> What is needed
Nothing may be dropped or added when the entries below are copied.
*** Opening of Entries supplied ***
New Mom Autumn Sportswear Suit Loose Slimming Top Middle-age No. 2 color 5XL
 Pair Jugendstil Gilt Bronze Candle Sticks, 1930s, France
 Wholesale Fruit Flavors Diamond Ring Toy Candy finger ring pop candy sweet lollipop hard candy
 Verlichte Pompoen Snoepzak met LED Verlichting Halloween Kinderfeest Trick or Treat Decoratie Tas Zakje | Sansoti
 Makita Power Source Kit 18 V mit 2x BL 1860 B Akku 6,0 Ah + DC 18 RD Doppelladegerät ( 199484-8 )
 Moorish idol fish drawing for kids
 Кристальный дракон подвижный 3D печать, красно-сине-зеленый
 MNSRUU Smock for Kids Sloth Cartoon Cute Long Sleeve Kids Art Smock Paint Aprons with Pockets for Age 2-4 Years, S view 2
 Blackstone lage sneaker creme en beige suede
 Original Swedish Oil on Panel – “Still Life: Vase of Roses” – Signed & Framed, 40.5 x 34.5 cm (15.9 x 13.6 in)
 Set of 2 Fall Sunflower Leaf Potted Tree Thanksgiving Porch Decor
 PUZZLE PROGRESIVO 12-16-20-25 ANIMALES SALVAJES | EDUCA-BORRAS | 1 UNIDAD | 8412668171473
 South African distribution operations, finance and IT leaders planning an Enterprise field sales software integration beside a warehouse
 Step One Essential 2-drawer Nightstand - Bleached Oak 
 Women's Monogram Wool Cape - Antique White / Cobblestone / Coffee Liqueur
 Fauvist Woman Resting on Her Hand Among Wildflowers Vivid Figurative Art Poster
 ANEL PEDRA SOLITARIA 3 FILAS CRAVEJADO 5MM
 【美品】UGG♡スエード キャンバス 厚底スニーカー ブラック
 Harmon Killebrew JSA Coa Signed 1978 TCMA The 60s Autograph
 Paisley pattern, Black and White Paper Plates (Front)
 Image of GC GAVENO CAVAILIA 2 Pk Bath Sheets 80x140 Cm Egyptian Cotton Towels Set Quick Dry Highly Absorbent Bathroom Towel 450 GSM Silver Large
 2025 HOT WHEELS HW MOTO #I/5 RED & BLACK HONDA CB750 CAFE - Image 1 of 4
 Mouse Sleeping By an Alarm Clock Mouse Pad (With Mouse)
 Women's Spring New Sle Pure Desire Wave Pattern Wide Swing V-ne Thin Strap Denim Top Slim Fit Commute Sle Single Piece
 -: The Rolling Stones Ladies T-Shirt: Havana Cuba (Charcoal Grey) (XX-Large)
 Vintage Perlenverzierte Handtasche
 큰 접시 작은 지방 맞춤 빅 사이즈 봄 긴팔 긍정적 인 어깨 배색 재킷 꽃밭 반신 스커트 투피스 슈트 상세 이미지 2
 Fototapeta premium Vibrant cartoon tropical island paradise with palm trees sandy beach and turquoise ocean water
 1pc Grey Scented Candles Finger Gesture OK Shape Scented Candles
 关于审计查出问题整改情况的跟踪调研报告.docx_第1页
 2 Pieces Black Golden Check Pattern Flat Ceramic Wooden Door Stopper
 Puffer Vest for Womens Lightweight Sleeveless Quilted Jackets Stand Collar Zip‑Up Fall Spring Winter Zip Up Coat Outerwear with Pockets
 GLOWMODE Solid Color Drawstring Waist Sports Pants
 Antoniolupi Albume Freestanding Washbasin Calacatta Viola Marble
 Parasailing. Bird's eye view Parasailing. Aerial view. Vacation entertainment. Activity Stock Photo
*** Close of Entries supplied ***
> Response below
New Mom Autumn Sportswear Suit Loose Slimming Top Middle-age No. 2 color 5XL
 Pair Jugendstil Gilt Bronze Candle Sticks, 1930s, France
 Wholesale Fruit Flavors Diamond Ring Toy Candy finger ring pop candy sweet lollipop hard candy
 Verlichte Pompoen Snoepzak met LED Verlichting Halloween Kinderfeest Trick or Treat Decoratie Tas Zakje | Sansoti
 Makita Power Source Kit 18 V mit 2x BL 1860 B Akku 6,0 Ah + DC 18 RD Doppelladegerät ( 199484-8 )
 Moorish idol fish drawing for kids
 Кристальный дракон подвижный 3D печать, красно-сине-зеленый
 MNSRUU Smock for Kids Sloth Cartoon Cute Long Sleeve Kids Art Smock Paint Aprons with Pockets for Age 2-4 Years, S view 2
 Blackstone lage sneaker creme en beige suede
 Original Swedish Oil on Panel – “Still Life: Vase of Roses” – Signed & Framed, 40.5 x 34.5 cm (15.9 x 13.6 in)
 Set of 2 Fall Sunflower Leaf Potted Tree Thanksgiving Porch Decor
 PUZZLE PROGRESIVO 12-16-20-25 ANIMALES SALVAJES | EDUCA-BORRAS | 1 UNIDAD | 8412668171473
 South African distribution operations, finance and IT leaders planning an Enterprise field sales software integration beside a warehouse
 Step One Essential 2-drawer Nightstand - Bleached Oak 
 Women's Monogram Wool Cape - Antique White / Cobblestone / Coffee Liqueur
 Fauvist Woman Resting on Her Hand Among Wildflowers Vivid Figurative Art Poster
 ANEL PEDRA SOLITARIA 3 FILAS CRAVEJADO 5MM
 【美品】UGG♡スエード キャンバス 厚底スニーカー ブラック
 Harmon Killebrew JSA Coa Signed 1978 TCMA The 60s Autograph
 Paisley pattern, Black and White Paper Plates (Front)
 Image of GC GAVENO CAVAILIA 2 Pk Bath Sheets 80x140 Cm Egyptian Cotton Towels Set Quick Dry Highly Absorbent Bathroom Towel 450 GSM Silver Large
 2025 HOT WHEELS HW MOTO #I/5 RED & BLACK HONDA CB750 CAFE - Image 1 of 4
 Mouse Sleeping By an Alarm Clock Mouse Pad (With Mouse)
 Women's Spring New Sle Pure Desire Wave Pattern Wide Swing V-ne Thin Strap Denim Top Slim Fit Commute Sle Single Piece
 -: The Rolling Stones Ladies T-Shirt: Havana Cuba (Charcoal Grey) (XX-Large)
 Vintage Perlenverzierte Handtasche
 큰 접시 작은 지방 맞춤 빅 사이즈 봄 긴팔 긍정적 인 어깨 배색 재킷 꽃밭 반신 스커트 투피스 슈트 상세 이미지 2
 Fototapeta premium Vibrant cartoon tropical island paradise with palm trees sandy beach and turquoise ocean water
 1pc Grey Scented Candles Finger Gesture OK Shape Scented Candles
 关于审计查出问题整改情况的跟踪调研报告.docx_第1页
 2 Pieces Black Golden Check Pattern Flat Ceramic Wooden Door Stopper
 Puffer Vest for Womens Lightweight Sleeveless Quilted Jackets Stand Collar Zip‑Up Fall Spring Winter Zip Up Coat Outerwear with Pockets
 GLOWMODE Solid Color Drawstring Waist Sports Pants
 Antoniolupi Albume Freestanding Washbasin Calacatta Viola Marble
 Parasailing. Bird's eye view Parasailing. Aerial view. Vacation entertainment. Activity Stock Photo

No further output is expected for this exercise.